DATA SHOWN —
....................

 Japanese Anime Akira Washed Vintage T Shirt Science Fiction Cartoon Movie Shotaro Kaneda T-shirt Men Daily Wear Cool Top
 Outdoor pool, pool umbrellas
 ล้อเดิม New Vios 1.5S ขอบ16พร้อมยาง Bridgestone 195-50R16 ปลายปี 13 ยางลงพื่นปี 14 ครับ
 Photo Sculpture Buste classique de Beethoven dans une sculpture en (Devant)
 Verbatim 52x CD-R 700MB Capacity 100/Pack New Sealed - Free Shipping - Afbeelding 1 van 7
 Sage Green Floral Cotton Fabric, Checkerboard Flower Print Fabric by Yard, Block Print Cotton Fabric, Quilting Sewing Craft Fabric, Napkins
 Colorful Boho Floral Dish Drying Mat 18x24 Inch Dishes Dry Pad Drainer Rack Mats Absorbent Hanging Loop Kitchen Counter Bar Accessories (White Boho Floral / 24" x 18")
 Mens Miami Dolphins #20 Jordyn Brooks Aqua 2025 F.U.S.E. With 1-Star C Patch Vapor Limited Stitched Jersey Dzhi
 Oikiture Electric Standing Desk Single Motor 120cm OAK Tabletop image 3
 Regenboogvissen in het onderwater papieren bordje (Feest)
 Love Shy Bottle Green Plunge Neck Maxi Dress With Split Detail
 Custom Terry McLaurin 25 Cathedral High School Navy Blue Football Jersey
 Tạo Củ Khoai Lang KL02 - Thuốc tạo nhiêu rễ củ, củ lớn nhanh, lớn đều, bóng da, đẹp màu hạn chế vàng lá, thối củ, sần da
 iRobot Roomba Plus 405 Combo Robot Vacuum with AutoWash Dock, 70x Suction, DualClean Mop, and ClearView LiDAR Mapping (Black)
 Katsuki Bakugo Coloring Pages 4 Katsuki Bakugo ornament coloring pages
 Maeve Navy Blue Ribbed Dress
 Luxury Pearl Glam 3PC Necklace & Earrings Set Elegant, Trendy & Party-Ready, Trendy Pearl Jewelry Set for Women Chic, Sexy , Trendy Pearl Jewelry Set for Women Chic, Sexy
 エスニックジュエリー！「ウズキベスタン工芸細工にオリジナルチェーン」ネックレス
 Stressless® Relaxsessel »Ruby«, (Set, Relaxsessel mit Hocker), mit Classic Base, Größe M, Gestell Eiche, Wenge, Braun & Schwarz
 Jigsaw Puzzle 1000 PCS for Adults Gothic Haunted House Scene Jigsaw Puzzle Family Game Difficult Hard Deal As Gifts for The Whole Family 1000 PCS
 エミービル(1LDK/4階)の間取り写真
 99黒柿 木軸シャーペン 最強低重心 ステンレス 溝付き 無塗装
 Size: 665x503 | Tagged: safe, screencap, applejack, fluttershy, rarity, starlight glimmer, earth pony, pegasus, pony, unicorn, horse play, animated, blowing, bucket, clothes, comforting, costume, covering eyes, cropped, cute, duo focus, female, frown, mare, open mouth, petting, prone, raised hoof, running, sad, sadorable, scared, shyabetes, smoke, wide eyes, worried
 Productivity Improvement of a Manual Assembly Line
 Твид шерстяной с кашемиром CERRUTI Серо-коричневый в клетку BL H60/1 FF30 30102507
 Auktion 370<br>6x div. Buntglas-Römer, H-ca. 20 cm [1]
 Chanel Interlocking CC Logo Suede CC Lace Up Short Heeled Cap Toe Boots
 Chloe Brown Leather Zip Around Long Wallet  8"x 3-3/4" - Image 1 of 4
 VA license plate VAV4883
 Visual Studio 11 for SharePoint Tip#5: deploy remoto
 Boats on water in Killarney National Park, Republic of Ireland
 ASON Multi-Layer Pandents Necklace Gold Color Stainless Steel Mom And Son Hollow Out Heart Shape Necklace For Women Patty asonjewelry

....................

WORK ITEM — Copy out the entire listing above exactly.

ANSWER TO THIS EXERCISE —
 Japanese Anime Akira Washed Vintage T Shirt Science Fiction Cartoon Movie Shotaro Kaneda T-shirt Men Daily Wear Cool Top
 Outdoor pool, pool umbrellas
 ล้อเดิม New Vios 1.5S ขอบ16พร้อมยาง Bridgestone 195-50R16 ปลายปี 13 ยางลงพื่นปี 14 ครับ
 Photo Sculpture Buste classique de Beethoven dans une sculpture en (Devant)
 Verbatim 52x CD-R 700MB Capacity 100/Pack New Sealed - Free Shipping - Afbeelding 1 van 7
 Sage Green Floral Cotton Fabric, Checkerboard Flower Print Fabric by Yard, Block Print Cotton Fabric, Quilting Sewing Craft Fabric, Napkins
 Colorful Boho Floral Dish Drying Mat 18x24 Inch Dishes Dry Pad Drainer Rack Mats Absorbent Hanging Loop Kitchen Counter Bar Accessories (White Boho Floral / 24" x 18")
 Mens Miami Dolphins #20 Jordyn Brooks Aqua 2025 F.U.S.E. With 1-Star C Patch Vapor Limited Stitched Jersey Dzhi
 Oikiture Electric Standing Desk Single Motor 120cm OAK Tabletop image 3
 Regenboogvissen in het onderwater papieren bordje (Feest)
 Love Shy Bottle Green Plunge Neck Maxi Dress With Split Detail
 Custom Terry McLaurin 25 Cathedral High School Navy Blue Football Jersey
 Tạo Củ Khoai Lang KL02 - Thuốc tạo nhiêu rễ củ, củ lớn nhanh, lớn đều, bóng da, đẹp màu hạn chế vàng lá, thối củ, sần da
 iRobot Roomba Plus 405 Combo Robot Vacuum with AutoWash Dock, 70x Suction, DualClean Mop, and ClearView LiDAR Mapping (Black)
 Katsuki Bakugo Coloring Pages 4 Katsuki Bakugo ornament coloring pages
 Maeve Navy Blue Ribbed Dress
 Luxury Pearl Glam 3PC Necklace & Earrings Set Elegant, Trendy & Party-Ready, Trendy Pearl Jewelry Set for Women Chic, Sexy , Trendy Pearl Jewelry Set for Women Chic, Sexy
 エスニックジュエリー！「ウズキベスタン工芸細工にオリジナルチェーン」ネックレス
 Stressless® Relaxsessel »Ruby«, (Set, Relaxsessel mit Hocker), mit Classic Base, Größe M, Gestell Eiche, Wenge, Braun & Schwarz
 Jigsaw Puzzle 1000 PCS for Adults Gothic Haunted House Scene Jigsaw Puzzle Family Game Difficult Hard Deal As Gifts for The Whole Family 1000 PCS
 エミービル(1LDK/4階)の間取り写真
 99黒柿 木軸シャーペン 最強低重心 ステンレス 溝付き 無塗装
 Size: 665x503 | Tagged: safe, screencap, applejack, fluttershy, rarity, starlight glimmer, earth pony, pegasus, pony, unicorn, horse play, animated, blowing, bucket, clothes, comforting, costume, covering eyes, cropped, cute, duo focus, female, frown, mare, open mouth, petting, prone, raised hoof, running, sad, sadorable, scared, shyabetes, smoke, wide eyes, worried
 Productivity Improvement of a Manual Assembly Line
 Твид шерстяной с кашемиром CERRUTI Серо-коричневый в клетку BL H60/1 FF30 30102507
 Auktion 370<br>6x div. Buntglas-Römer, H-ca. 20 cm [1]
 Chanel Interlocking CC Logo Suede CC Lace Up Short Heeled Cap Toe Boots
 Chloe Brown Leather Zip Around Long Wallet  8"x 3-3/4" - Image 1 of 4
 VA license plate VAV4883
 Visual Studio 11 for SharePoint Tip#5: deploy remoto
 Boats on water in Killarney National Park, Republic of Ireland
 ASON Multi-Layer Pandents Necklace Gold Color Stainless Steel Mom And Son Hollow Out Heart Shape Necklace For Women Patty asonjewelry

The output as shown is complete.